Department of Otolaryngology-Head and Neck Surgery, Tohoku University Graduate School of Medicine, 1-1 Seiryo-machi, Aoba-ku, Sendai, Miyagi, 980-8574, Japan.
Auris Nasus Larynx. 2024 Apr;51(2):406-410. doi: 10.1016/j.anl.2023.08.007. Epub 2023 Aug 27.
Hypoparathyroidism, deafness, and renal dysplasia (HDR) syndrome is an autosomal dominant disorder. Because HDR syndrome is caused by haploinsufficiency in GATA3, it exhibits variation in the onset and progression of hearing loss. In previous reports, the automated auditory brainstem response (AABR) was considered insufficient to detect sensorineural hearing loss caused by HDR syndrome. We report a case of HDR syndrome whose congenital hearing loss was detected by newborn hearing screening (NHS) using AABR. In this case, HDR syndrome was suspected due to hearing loss, hypocalcemia, and her family history. Genetic testing confirmed the diagnosis of HDR syndrome at 5 months of age. Because the phenotype of hearing loss due to HDR syndrome is variable and includes progressive hearing loss, these cases may not be detected by the HNS. However, most of the previous reports were published before the NHS became common and given the frequency of hearing loss complications in HDR syndrome. We consider that there is a reasonable number of HDR syndrome cases with abnormalities on the NHS. We believe that the NHS may also be useful for early detection of hearing loss due to HDR syndrome.

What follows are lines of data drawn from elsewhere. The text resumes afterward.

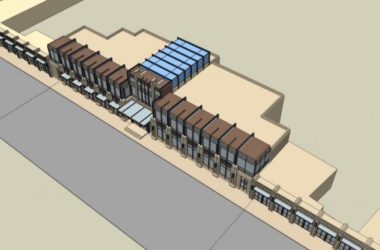 Sketchup商业模型|低层会所,现代风格-BIM建筑网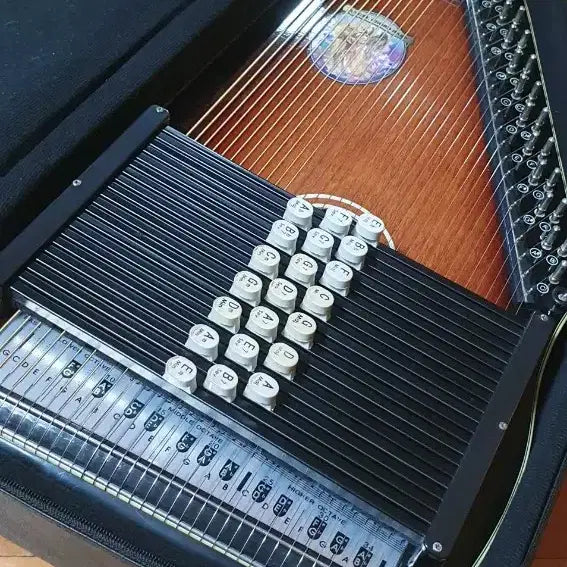 [BUNJANG] Samick Angel Chord Harp DH-21B / 삼익악기 Angel Chord Harp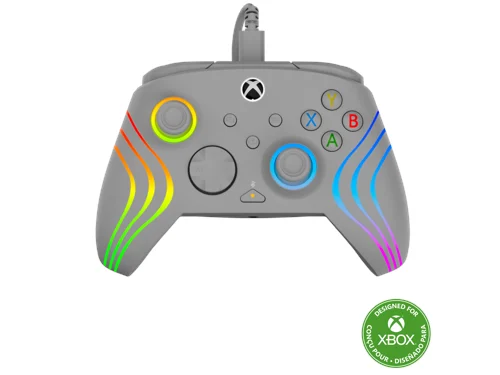 Turtle Beach Afterglow Wave Wired Controller - Grey, bild 2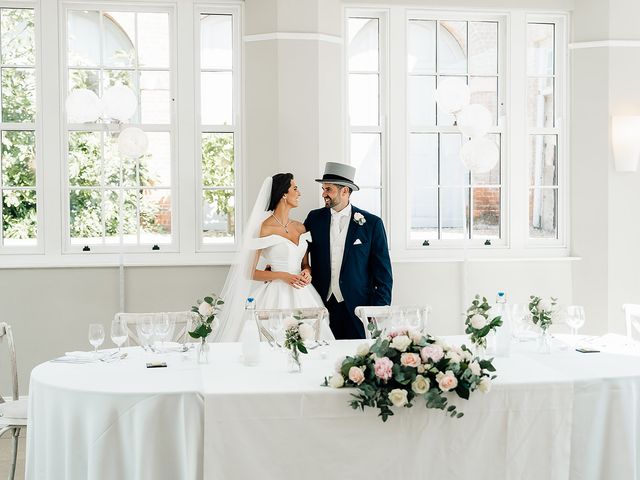 Raff and Madeline&apos;s Wedding in Exton, Devon 143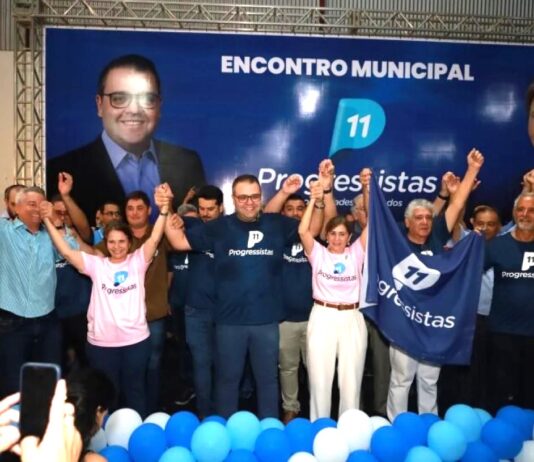 Partido Progressistas recebe adesão de cinco vereadores em Dourados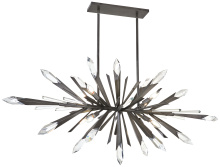 Minka N1949-766 - Elsa 8 Light Island Chandelier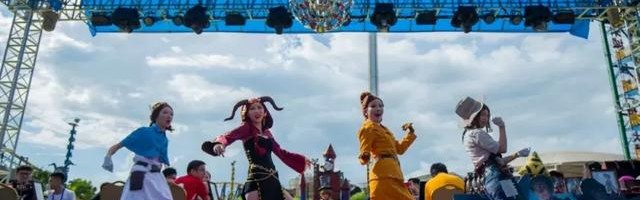  电竞主题公园开业，沉浸式体验受追捧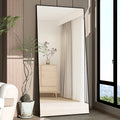 Sleek Full-Length Mirror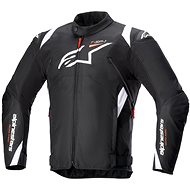 ALPINESTARS T-SP 1 2 WATERPROOFS, black/white, 2024, size 3XL - Motorcycle Jacket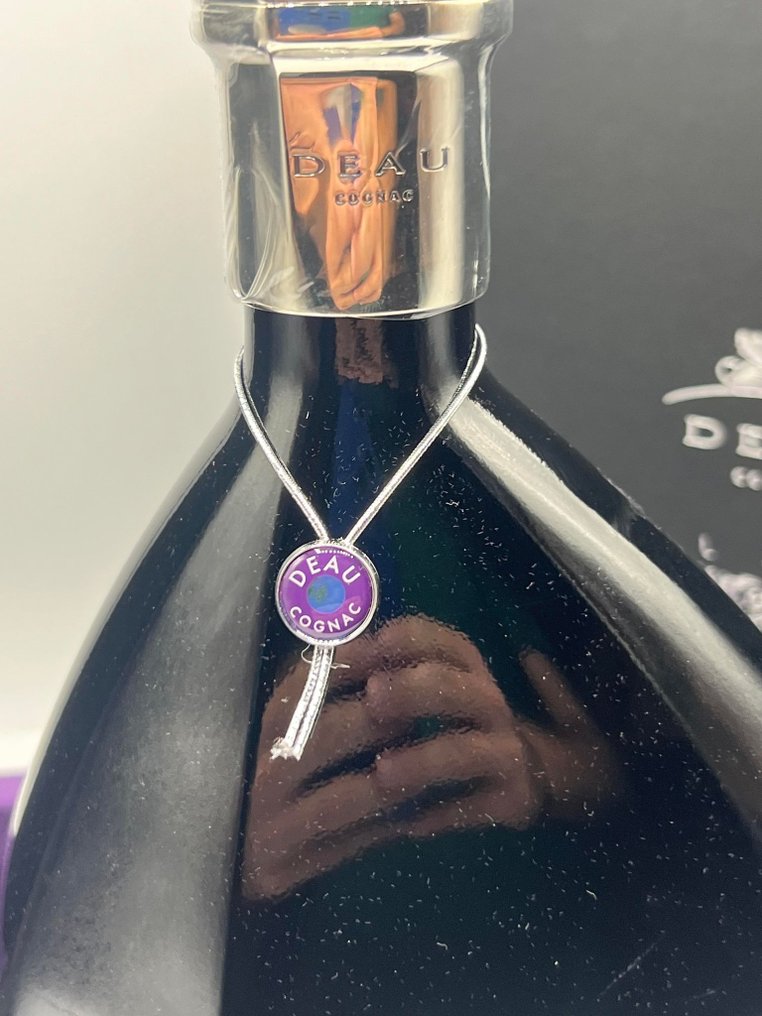 Deau - Black Extra - 1.0 Litre #4.3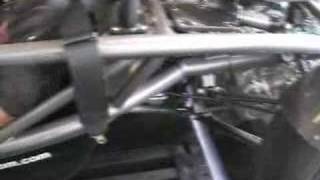 Ariel Atom IIB with Honda K20A s\c dyno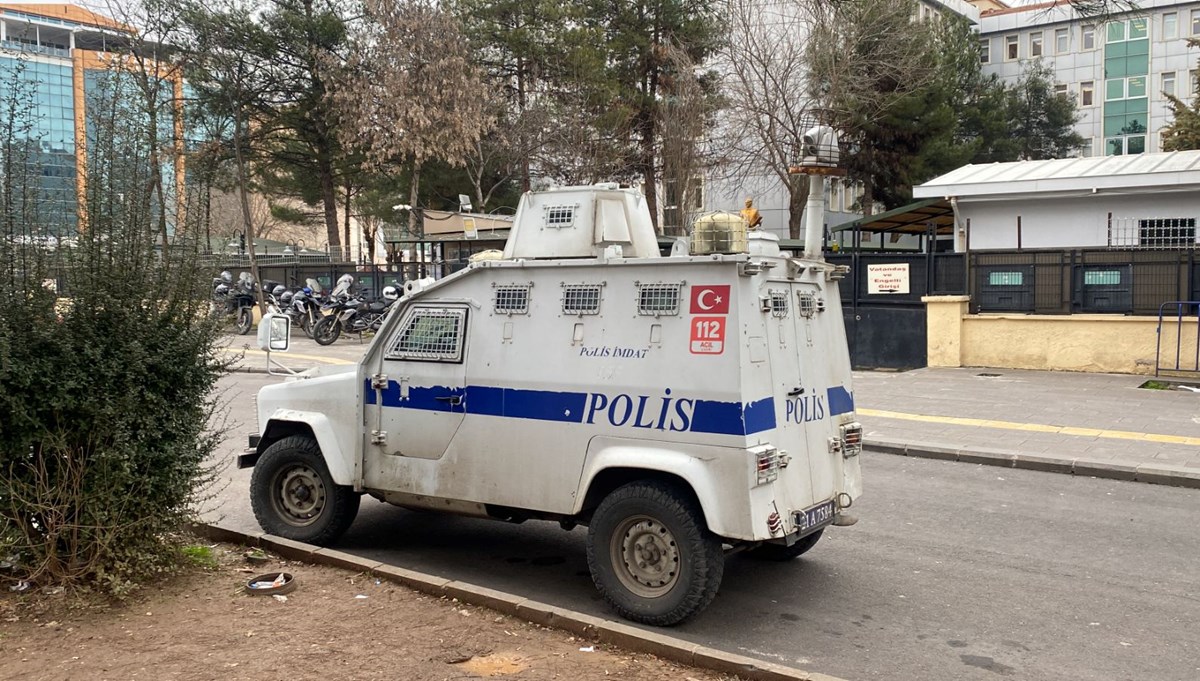 Terör örgütü PKK’nın şehir yapılanmasına operasyon Terör örgütü PKK’nın şehir yapılanmasına operasyon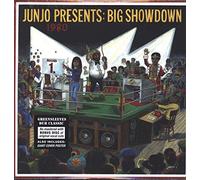 Henry Junjo Lawes - Junjo Presents: Big Showdown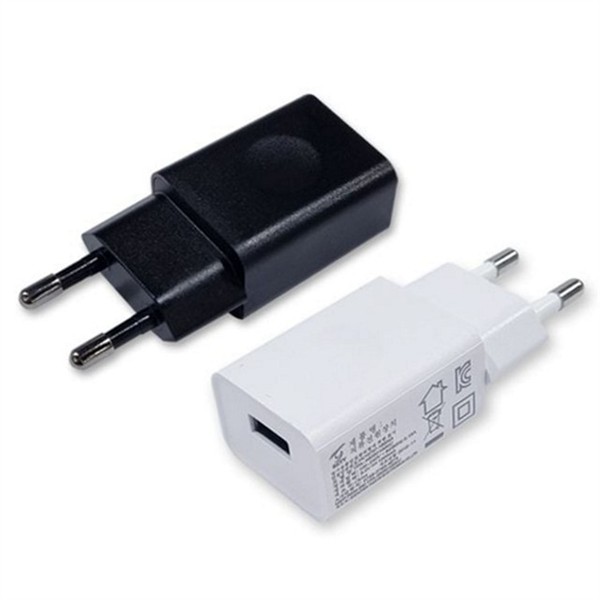저전력 고속 충전기 어댑터 5V1A5W 다용도 usb 충전기 어댑터 스마트폰 - 상품 이미지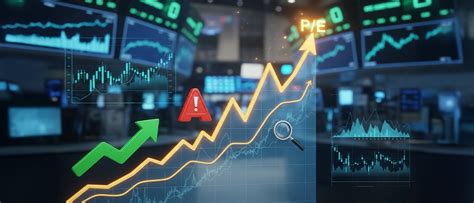 High P/E Ratio Stocks in India: Meaning & Insights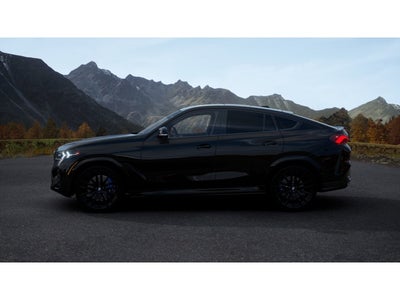 2027 BMW X6 xDrive40i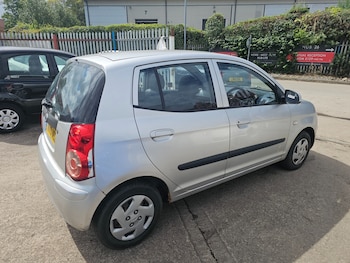 Used Kia Picanto 2010 for sale - 75461349: Photo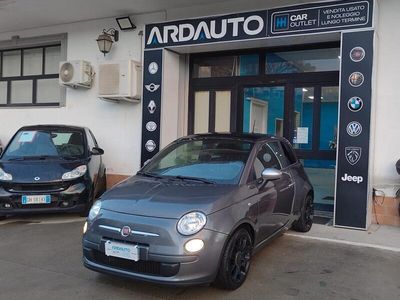 usata Fiat 500 0.9 TwinAir Turbo Lounge 86 cv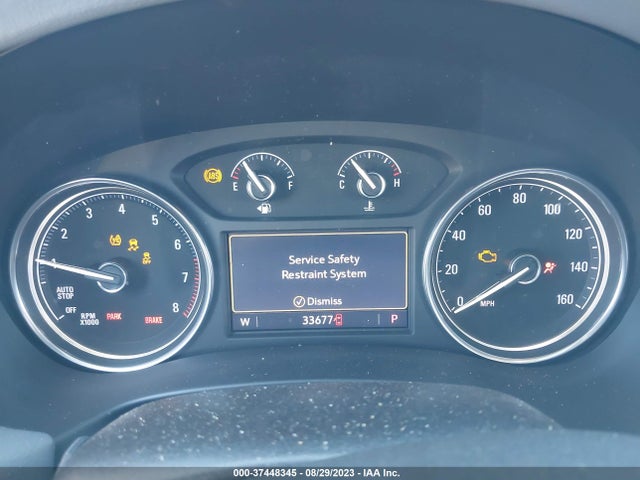 5GAERBKW9MJ261234 Buick Enclave Fwd Essence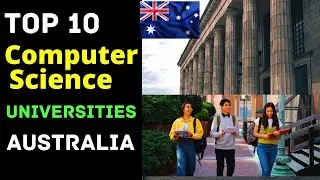 best university in australia for computer science I best universities in australia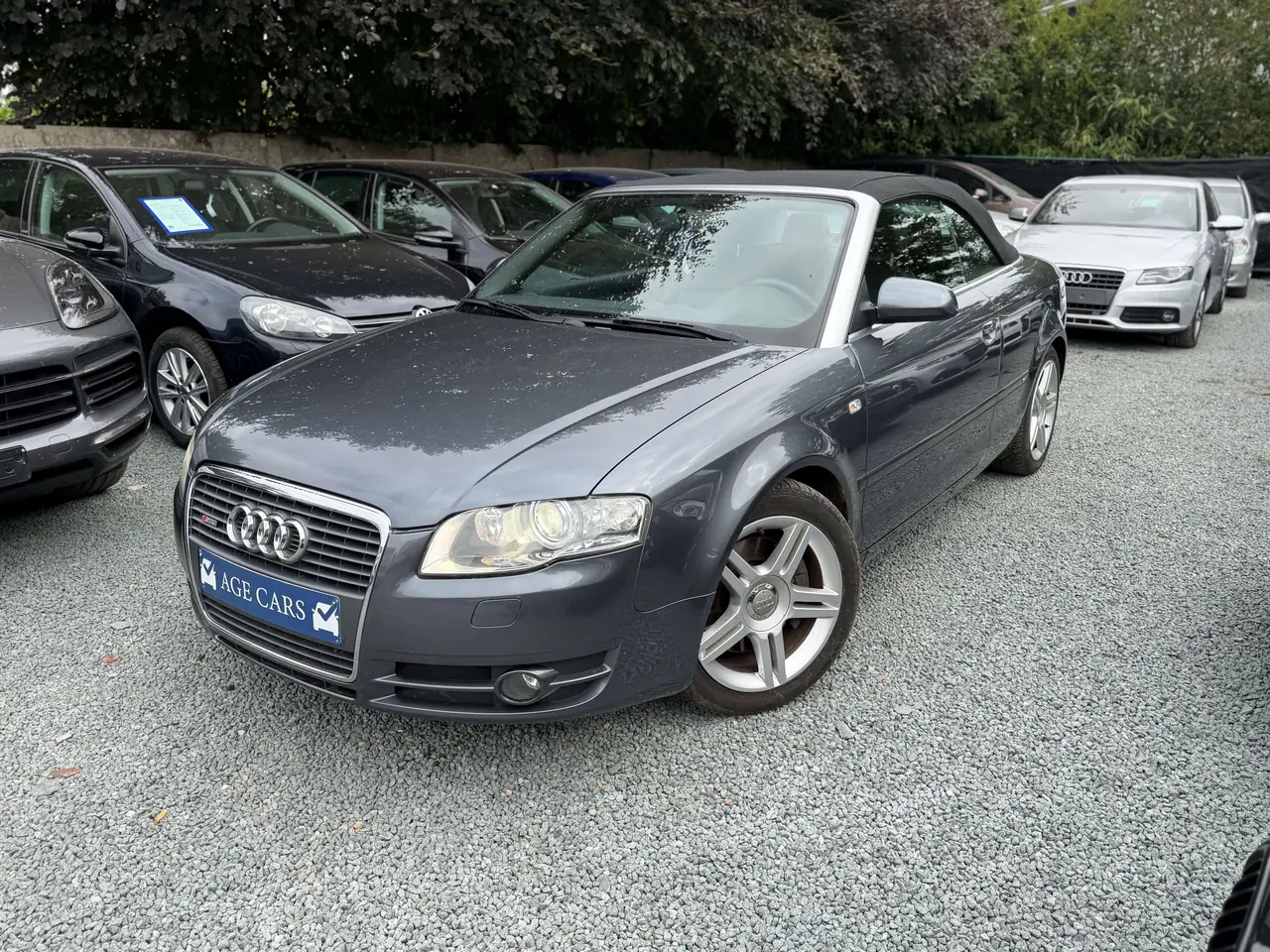 Audi A4 2008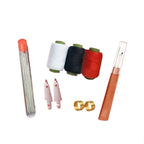 🎄Christmas-Sale 49%Off❤34PCS Big Eye Steel Needles Set🎁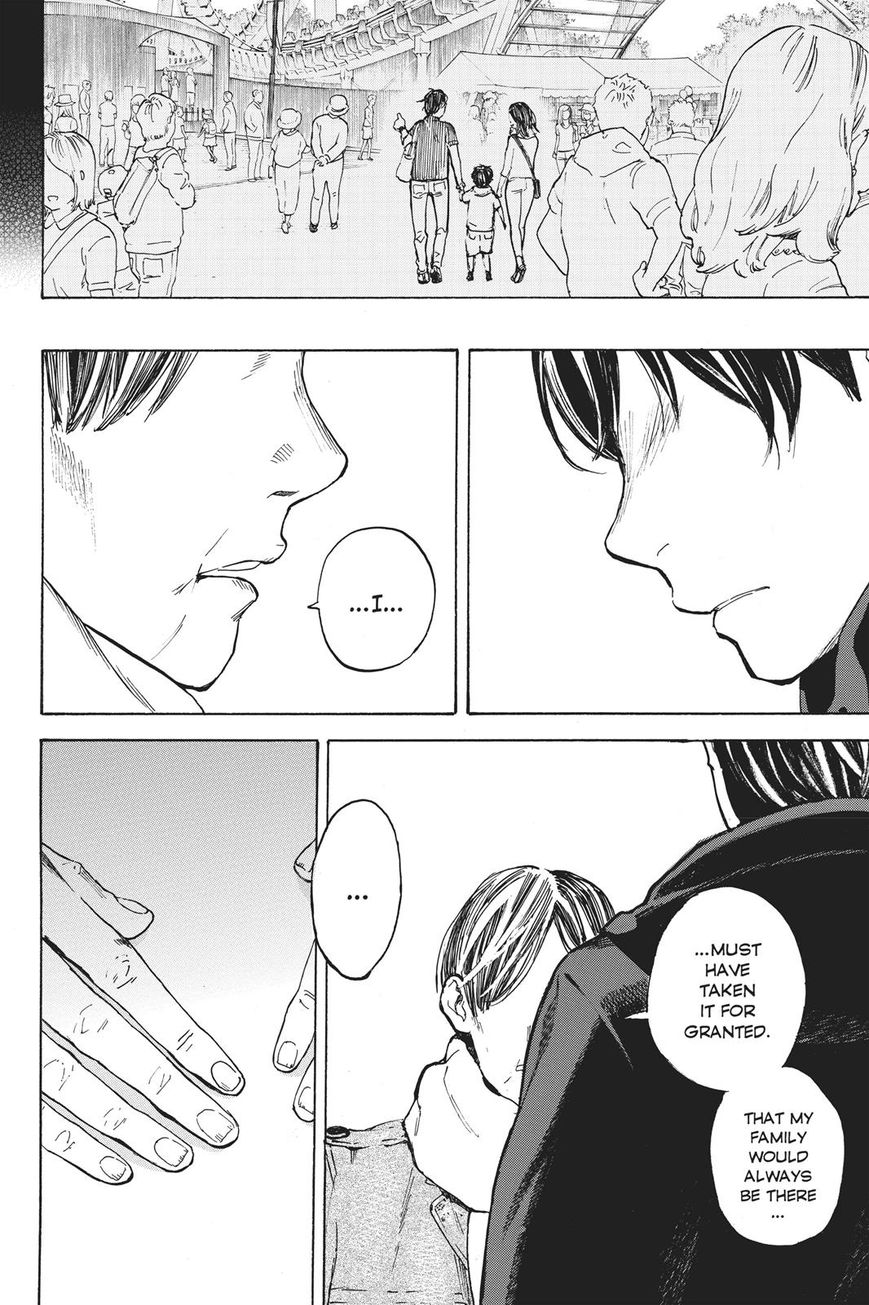 Soredemo Boku wa Kimi ga Suki Chapter 43 page 36 - Chapter 43: The End 1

甲状旁腺功能减退、耳聋和肾发育不良(HDR)综合征是一种常染色体显性遗传疾病。由于 HDR 综合征是由 GATA3 单倍不足引起的,因此其耳聋的发病和进展存在差异。在以前的报告中,自动听性脑干反应(AABR)被认为不足以检测 HDR 综合征引起的感觉神经性听力损失。我们报告了一例 HDR 综合征病例,该病例的先天性听力损失通过 AABR 进行的新生儿听力筛查(NHS)检测到。在该病例中,由于听力损失、低钙血症和家族史,怀疑患有 HDR 综合征。基因检测在 5 个月大时确诊为 HDR 综合征。由于 HDR 综合征引起的听力损失表型具有变异性,包括进行性听力损失,因此这些病例可能无法通过 NHS 检测到。然而,大多数以前的报告都是在 NHS 普及之前发表的,而且 HDR 综合征中听力损失并发症的发生率很高。我们认为 NHS 可能也有助于早期发现 HDR 综合征引起的听力损失。